Parameter-efficient fine-tuning (PEFT) methods adapt large models to new tasks by training only a small fraction of their parameters. LoRA and QLoRA are the dominant PEFT methods, responsible for the explosion of task-specific open-source model adaptations available on HuggingFace.
LoRA: Low-Rank Adaptation
LoRA (Hu et al., 2021) is based on a key observation: fine-tuning updates to a large weight matrix W tend to be low-rank. If the update ΔW has rank r ≪ min(d, k), we can decompose it:
ΔW = BA where B ∈ R^(d×r), A ∈ R^(r×k)
Instead of updating the full W (d×k parameters), we train only B and A (d·r + r·k parameters). For a 4096×4096 weight matrix with r=8, LoRA reduces the trainable parameters from 16.7M to 65K — a 256× reduction.
During training, the original weights W are frozen; only A and B are trained. During inference, the adapted weight is W + BA (or equivalently, BA can be absorbed into W). At typical ranks (r=4 to r=64), LoRA recovers 90-99% of full fine-tuning quality on most tasks.
Practical LoRA Configuration
Key hyperparameters:
- Rank (r): Lower rank = fewer parameters = less capacity. r=8 works for most tasks; use r=32 or r=64 for complex reasoning. Start with r=16.
- Alpha (α): Scaling factor for the LoRA update. The effective scaling is α/r. Common convention: set α = 2r (so effective scale = 2).
- Target modules: Which matrices to apply LoRA to. Typically query and value projections in attention layers; sometimes all linear layers including MLP.
- Dropout: Applied between A and B for regularization. Default 0.05.
QLoRA: Adding Quantization
QLoRA (Dettmers et al., 2023) combines LoRA with 4-bit quantization of the base model. The insight: during fine-tuning, we only need the base model to compute activations and gradients. If we store it in 4-bit (NF4) format, we dramatically reduce memory — and LoRA adapters are still trained in 16-bit, so gradient quality is preserved.
QLoRA memory requirements: a 7B model in 4-bit requires ~4GB. A 70B model in 4-bit requires ~40GB. With LoRA adapters (small, in 16-bit), the total typically adds 1-4GB. This means a 70B model can be fine-tuned on 2 A100s rather than 16.
QLoRA quality is usually within 1-2% of full-precision LoRA. For most applications, this is acceptable.
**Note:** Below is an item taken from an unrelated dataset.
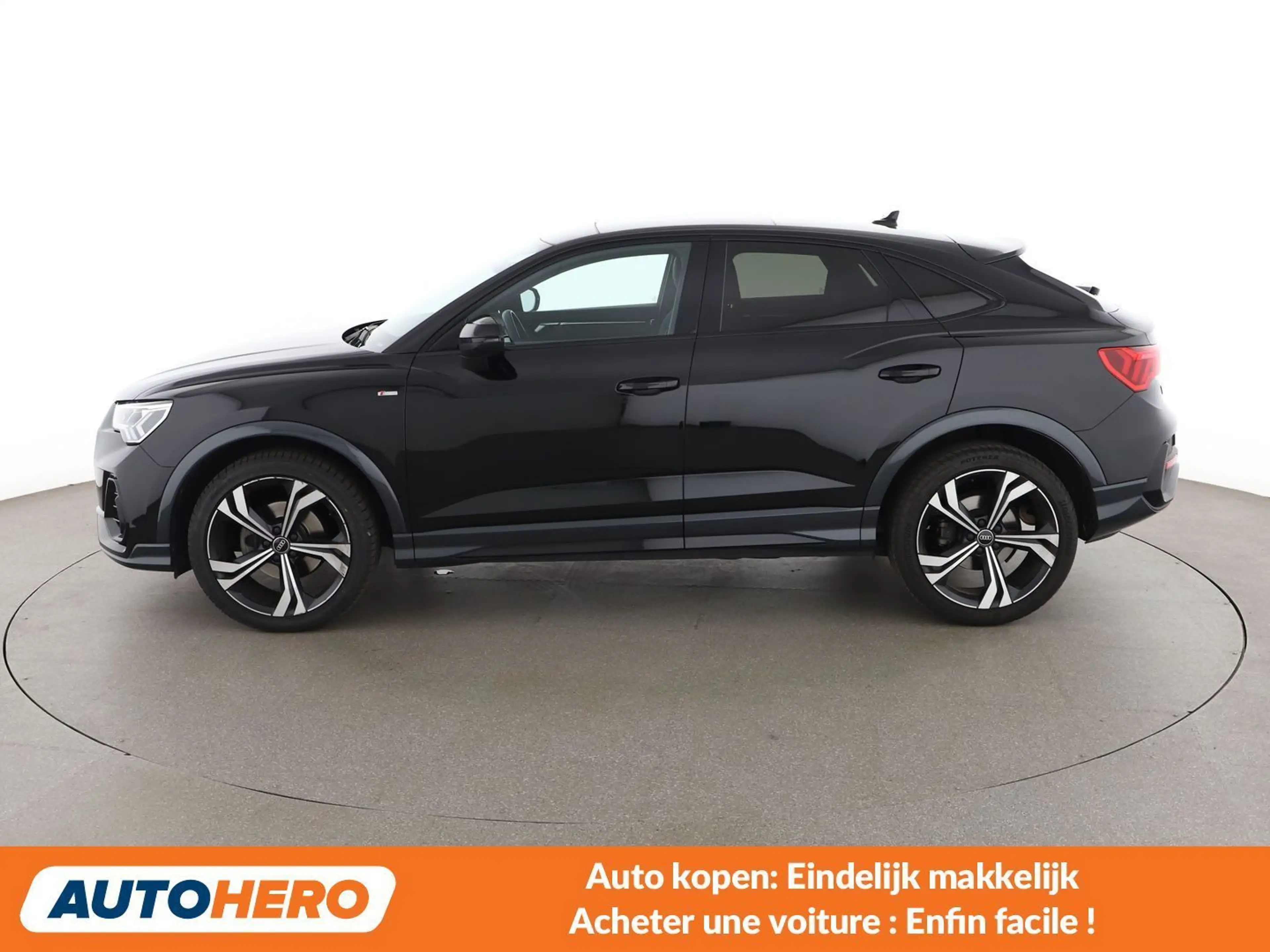 Audi Q3 35 TFSI S line — photo 3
It has made 70B-scale fine-tuning accessible to individual researchers and small companies.
Practical Recommendations
- Use QLoRA for 7B–70B models when you have limited GPU memory.
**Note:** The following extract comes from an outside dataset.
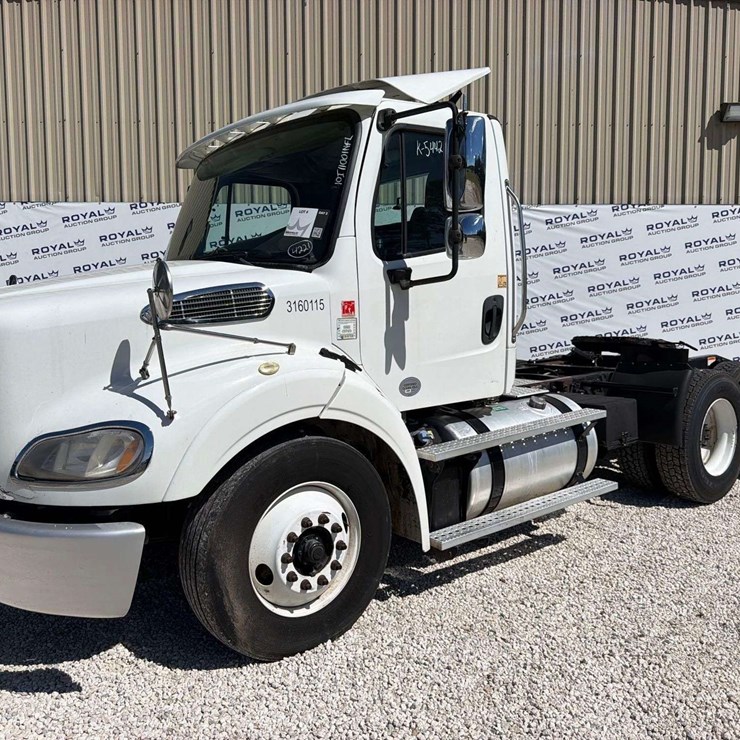 2016 Freightliner M2 112 T/A Day Cab Truck Tractor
- Use full LoRA (no quantization) for 1B–7B models where memory permits.
- Use full fine-tuning only when you need to modify all model behavior (large domain adaptation, structural changes).
- The peft library (HuggingFace) provides production-ready LoRA/QLoRA implementations.
- Monitor training loss curves: LoRA training should converge similarly to full fine-tuning; significantly worse convergence suggests the rank is too low or the learning rate too high.